Few governments like to wait until the last minute to call an election. Such a decision surrenders control. Your opponents know your back’s against a wall.
However, a year before, you can still plan for the date and leave your opponents guessing. You have an advantage.
And you can spend like mad beforehand to assuage any lingering anger at previous scandals.
Few new ones are likely to surface. Last summer’s ATCO and Peel debacles were unusual; summer is usually a slow news period.
After a summer of record construction spending – like this one – an incumbent politician could trumpet their economic stewardship before the first debt payments come due.
Civil servants just negotiated a pay raise. And, after a sleepy summer spent camping and fishing, they’ll be relaxed and relatively content.

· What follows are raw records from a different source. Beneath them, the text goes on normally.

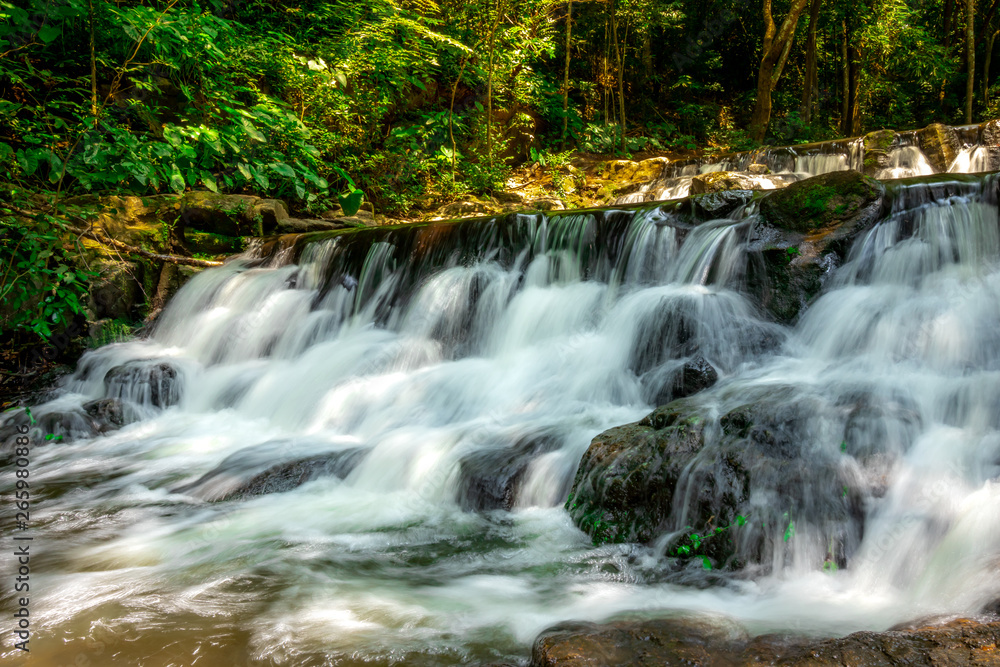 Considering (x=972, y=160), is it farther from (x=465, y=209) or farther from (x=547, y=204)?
(x=465, y=209)

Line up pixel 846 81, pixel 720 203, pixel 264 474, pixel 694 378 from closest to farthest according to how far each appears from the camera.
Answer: pixel 264 474 < pixel 694 378 < pixel 720 203 < pixel 846 81

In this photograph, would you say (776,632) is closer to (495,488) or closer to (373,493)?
(495,488)

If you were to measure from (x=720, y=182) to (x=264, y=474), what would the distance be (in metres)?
8.49

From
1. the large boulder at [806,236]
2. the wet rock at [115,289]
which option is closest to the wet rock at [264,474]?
the large boulder at [806,236]

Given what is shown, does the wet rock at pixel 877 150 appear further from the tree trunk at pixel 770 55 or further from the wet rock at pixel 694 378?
the wet rock at pixel 694 378

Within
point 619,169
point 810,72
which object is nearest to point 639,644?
point 619,169

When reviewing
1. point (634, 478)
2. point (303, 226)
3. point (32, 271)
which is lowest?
point (634, 478)

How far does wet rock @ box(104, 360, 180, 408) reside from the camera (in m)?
6.11

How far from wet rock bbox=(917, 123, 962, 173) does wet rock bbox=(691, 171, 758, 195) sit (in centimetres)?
300

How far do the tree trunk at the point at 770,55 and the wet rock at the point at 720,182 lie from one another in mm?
4447

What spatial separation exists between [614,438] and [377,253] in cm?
504

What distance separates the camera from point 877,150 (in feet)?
34.3

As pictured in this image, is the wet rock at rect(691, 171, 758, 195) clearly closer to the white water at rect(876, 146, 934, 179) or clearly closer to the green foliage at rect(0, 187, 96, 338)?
the white water at rect(876, 146, 934, 179)

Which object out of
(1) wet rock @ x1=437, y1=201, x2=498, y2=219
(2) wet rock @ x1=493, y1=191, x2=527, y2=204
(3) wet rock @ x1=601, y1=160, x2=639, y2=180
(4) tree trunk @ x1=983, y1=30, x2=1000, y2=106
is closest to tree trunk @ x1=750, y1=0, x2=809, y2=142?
(3) wet rock @ x1=601, y1=160, x2=639, y2=180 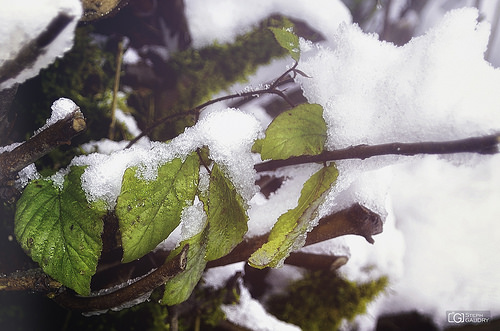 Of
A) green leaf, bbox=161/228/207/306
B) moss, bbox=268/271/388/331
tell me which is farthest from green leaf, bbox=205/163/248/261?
moss, bbox=268/271/388/331

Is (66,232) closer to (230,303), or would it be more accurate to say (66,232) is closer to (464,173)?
(230,303)

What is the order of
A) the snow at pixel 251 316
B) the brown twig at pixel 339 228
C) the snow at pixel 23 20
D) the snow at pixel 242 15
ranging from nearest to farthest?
Answer: the snow at pixel 23 20, the brown twig at pixel 339 228, the snow at pixel 242 15, the snow at pixel 251 316

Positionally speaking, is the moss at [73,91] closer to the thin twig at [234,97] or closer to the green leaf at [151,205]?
the thin twig at [234,97]

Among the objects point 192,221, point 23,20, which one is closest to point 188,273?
point 192,221

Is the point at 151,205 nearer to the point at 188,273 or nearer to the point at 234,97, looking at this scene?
the point at 188,273

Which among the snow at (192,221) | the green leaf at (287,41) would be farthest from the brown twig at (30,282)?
the green leaf at (287,41)

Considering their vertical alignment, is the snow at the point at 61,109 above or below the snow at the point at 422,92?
above

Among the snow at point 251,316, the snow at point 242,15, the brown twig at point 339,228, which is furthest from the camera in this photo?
the snow at point 251,316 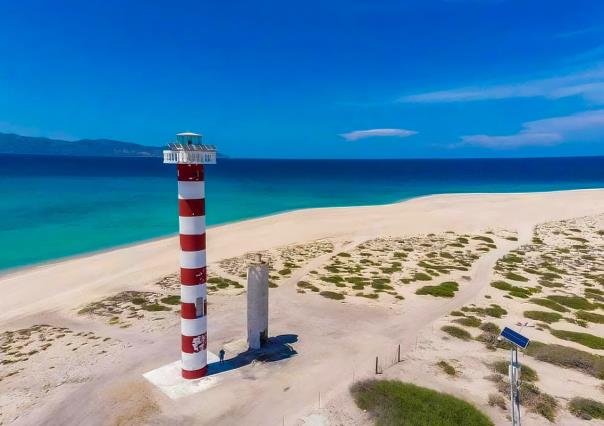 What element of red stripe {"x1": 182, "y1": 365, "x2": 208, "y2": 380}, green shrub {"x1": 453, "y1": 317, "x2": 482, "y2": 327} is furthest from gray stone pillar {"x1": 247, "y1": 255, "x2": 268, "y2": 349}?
green shrub {"x1": 453, "y1": 317, "x2": 482, "y2": 327}

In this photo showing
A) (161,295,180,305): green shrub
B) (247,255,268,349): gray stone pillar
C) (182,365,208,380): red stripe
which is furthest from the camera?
(161,295,180,305): green shrub

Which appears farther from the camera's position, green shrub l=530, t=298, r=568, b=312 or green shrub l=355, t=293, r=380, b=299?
green shrub l=355, t=293, r=380, b=299

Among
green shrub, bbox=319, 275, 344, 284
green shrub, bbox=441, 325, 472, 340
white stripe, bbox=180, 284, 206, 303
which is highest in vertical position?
white stripe, bbox=180, 284, 206, 303

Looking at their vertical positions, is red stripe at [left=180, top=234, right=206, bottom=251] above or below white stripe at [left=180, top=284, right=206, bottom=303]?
above

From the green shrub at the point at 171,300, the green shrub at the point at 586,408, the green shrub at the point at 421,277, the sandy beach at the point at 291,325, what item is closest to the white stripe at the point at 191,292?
the sandy beach at the point at 291,325

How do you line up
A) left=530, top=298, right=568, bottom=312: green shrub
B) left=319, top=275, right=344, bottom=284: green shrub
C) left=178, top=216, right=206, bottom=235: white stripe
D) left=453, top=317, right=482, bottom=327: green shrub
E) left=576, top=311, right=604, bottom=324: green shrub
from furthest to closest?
left=319, top=275, right=344, bottom=284: green shrub
left=530, top=298, right=568, bottom=312: green shrub
left=576, top=311, right=604, bottom=324: green shrub
left=453, top=317, right=482, bottom=327: green shrub
left=178, top=216, right=206, bottom=235: white stripe

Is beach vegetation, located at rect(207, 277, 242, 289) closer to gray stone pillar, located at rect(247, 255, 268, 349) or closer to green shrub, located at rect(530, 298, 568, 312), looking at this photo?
gray stone pillar, located at rect(247, 255, 268, 349)

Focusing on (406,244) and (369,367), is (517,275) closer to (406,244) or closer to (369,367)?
(406,244) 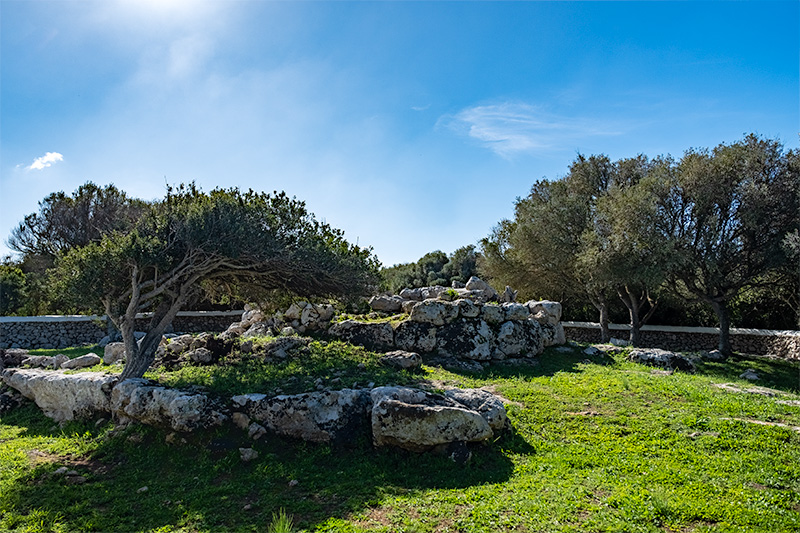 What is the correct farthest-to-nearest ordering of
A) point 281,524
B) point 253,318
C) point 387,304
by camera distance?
point 253,318 → point 387,304 → point 281,524

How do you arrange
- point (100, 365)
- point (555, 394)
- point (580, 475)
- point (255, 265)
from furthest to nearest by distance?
1. point (100, 365)
2. point (255, 265)
3. point (555, 394)
4. point (580, 475)

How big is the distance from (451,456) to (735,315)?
81.0 feet

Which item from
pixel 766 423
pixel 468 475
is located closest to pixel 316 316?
pixel 468 475

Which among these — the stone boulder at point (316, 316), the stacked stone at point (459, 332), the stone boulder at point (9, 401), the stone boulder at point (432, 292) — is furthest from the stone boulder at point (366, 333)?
the stone boulder at point (9, 401)

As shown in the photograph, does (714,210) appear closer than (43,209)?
Yes

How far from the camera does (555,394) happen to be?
10641 mm

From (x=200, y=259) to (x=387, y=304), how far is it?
25.2 feet

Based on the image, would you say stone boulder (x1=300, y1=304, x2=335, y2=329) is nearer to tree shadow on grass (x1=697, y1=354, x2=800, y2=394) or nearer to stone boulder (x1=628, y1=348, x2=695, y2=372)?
stone boulder (x1=628, y1=348, x2=695, y2=372)

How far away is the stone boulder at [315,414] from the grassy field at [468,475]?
0.80 ft

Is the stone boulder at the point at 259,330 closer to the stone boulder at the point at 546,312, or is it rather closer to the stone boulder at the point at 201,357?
the stone boulder at the point at 201,357

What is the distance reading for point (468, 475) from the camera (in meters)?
6.63

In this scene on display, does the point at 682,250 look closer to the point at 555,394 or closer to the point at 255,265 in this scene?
the point at 555,394

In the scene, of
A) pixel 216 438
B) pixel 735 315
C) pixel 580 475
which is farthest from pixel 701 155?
pixel 216 438

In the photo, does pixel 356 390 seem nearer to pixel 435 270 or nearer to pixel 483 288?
pixel 483 288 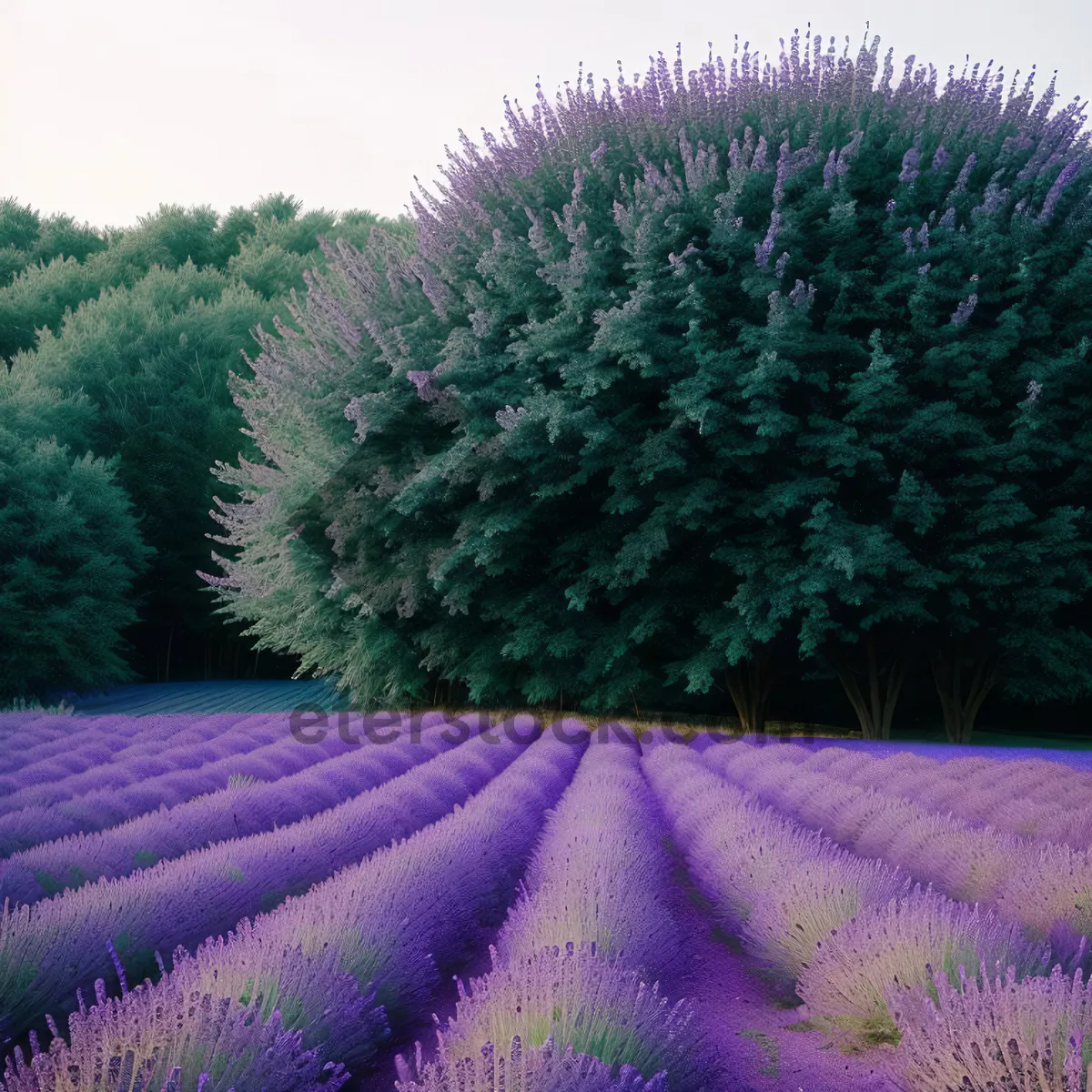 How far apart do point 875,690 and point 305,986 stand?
441 inches

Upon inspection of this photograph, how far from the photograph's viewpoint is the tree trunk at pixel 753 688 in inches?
476

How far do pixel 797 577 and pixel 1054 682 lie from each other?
4.02 meters

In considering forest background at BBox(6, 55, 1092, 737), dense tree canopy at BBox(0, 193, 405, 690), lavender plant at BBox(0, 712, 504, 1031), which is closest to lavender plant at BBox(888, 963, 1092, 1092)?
lavender plant at BBox(0, 712, 504, 1031)

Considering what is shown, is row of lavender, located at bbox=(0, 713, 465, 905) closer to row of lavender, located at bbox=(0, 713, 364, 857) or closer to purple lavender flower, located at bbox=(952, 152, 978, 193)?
row of lavender, located at bbox=(0, 713, 364, 857)

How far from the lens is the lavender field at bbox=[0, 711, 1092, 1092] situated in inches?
58.9

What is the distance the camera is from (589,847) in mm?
3105

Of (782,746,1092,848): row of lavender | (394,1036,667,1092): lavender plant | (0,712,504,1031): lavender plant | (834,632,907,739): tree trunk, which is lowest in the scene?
(0,712,504,1031): lavender plant

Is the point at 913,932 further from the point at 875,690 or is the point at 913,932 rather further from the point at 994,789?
the point at 875,690

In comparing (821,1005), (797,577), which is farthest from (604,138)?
(821,1005)

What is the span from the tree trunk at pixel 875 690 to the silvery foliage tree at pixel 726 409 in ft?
0.18

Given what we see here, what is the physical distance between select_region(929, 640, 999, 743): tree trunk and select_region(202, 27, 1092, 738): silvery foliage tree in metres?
0.05

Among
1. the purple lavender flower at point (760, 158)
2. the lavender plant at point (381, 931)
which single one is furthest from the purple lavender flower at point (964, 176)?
the lavender plant at point (381, 931)

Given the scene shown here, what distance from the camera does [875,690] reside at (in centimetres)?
1169

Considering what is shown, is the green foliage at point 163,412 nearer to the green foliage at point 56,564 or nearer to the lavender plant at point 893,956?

And, with mining exploration booming, there’s little reason to wait before dropping the writ.
Waiting would also give Willard Phelps’ new political party more time to organize and build a profile.
Besides, Fentie strongly believes in fall election campaigns.
He’s going to call it sometime before the important mining sector leaves for the winter – so sometime before November.
Which is probably why the government financial statements are so screwy.
Nobody wants to run on their economic record when it is built on mountains of debt.
So, he’s massaged the numbers to ensure the territory has a surplus. At least it has a surplus today, before any cost overruns or other supplementary expenditures drive things into the red.
Which is why a department like Health shows an “estimated” $18-million reduction in spending – to $230 million from $248 million – while officials, aware people don’t want health programs cut, say Ottawa will pony up more cash. Don’t worry, they say, Yukon will spend more on health than last year. It just doesn’t show on the ledger yet.
So, on paper, a smaller budget. In reality, spending will increase, thanks to some still-to-be-identified federal grants. Net effect on the deficit: zero.
Do you buy it? And do you care?
A fall election depends on the answers to those questions.